My mother only told me she loved me once. That’s why I say it to my own daughters all the time, says Daisy Goodwin
Love you honey.’ “Love you too, mom.” It is the call and response that ends every phone conversation with one of my daughters. Sometimes it will be me who confesses love first, sometimes them, but we know something is wrong if it doesn’t happen. It’s not a huge deal, but I know I’m better off if we’ve made the effort.
Now aged 23 and 32, both have left home, but we talk on the phone most days.
It’s casual stuff, but like so many seemingly casual exchanges in families, it’s loaded with meaning. Finally, I tell my girls that no matter what happens to them that day, they need to know that I will always love them, unconditionally.

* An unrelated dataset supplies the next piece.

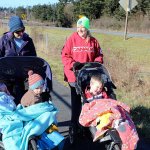 Kristin Wagner (left) and Kerry Western go for a daily stroll with their children along Coupeville&rsquo;s Kettles Trail Tuesday. The segment is part of a planned &ldquo;Bridge to Boat&rdquo; non-motorized trail along State Road 525 that would run the length of central Whidbey Island.                                Photo by Patricia Guthrie/Whidbey News-Times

Daisy Goodwin with her mother Jocata. As a child, the only time I remember my mother telling me she loved me was when she explained to my brother and me that she would never live with us again, she writes.
I might be ticked off that they’ve left behind the handmade snood I spent weeks knitting for them, or they’ve ‘borrowed’ my favorite earrings, but that doesn’t change the basics.
As long as I’m around, they have a devoted trampoline that will always cushion their fall. It won’t stop things from hurting or protect them from harm, but it’s there.
Of course, you might be reading this and think I’m saying the bleeding obvious: Don’t all parents feel this way about their kids? And if so, why do you have to tell them all the time? Actions certainly speak louder than increasingly meaningless affirmations.
Some argue that the phrase ‘I love you’ has become so ubiquitous – casually whistled to everyone from colleagues and new acquaintances to shop assistants and particularly helpful waiters – that it feels cheap.
When presenter Stacey Solomon professed her love for her husband and son several times a minute – as well as saying it to the new families she meets – during her BBC show Sort Your Life Out recently, critics urged her to pack it in .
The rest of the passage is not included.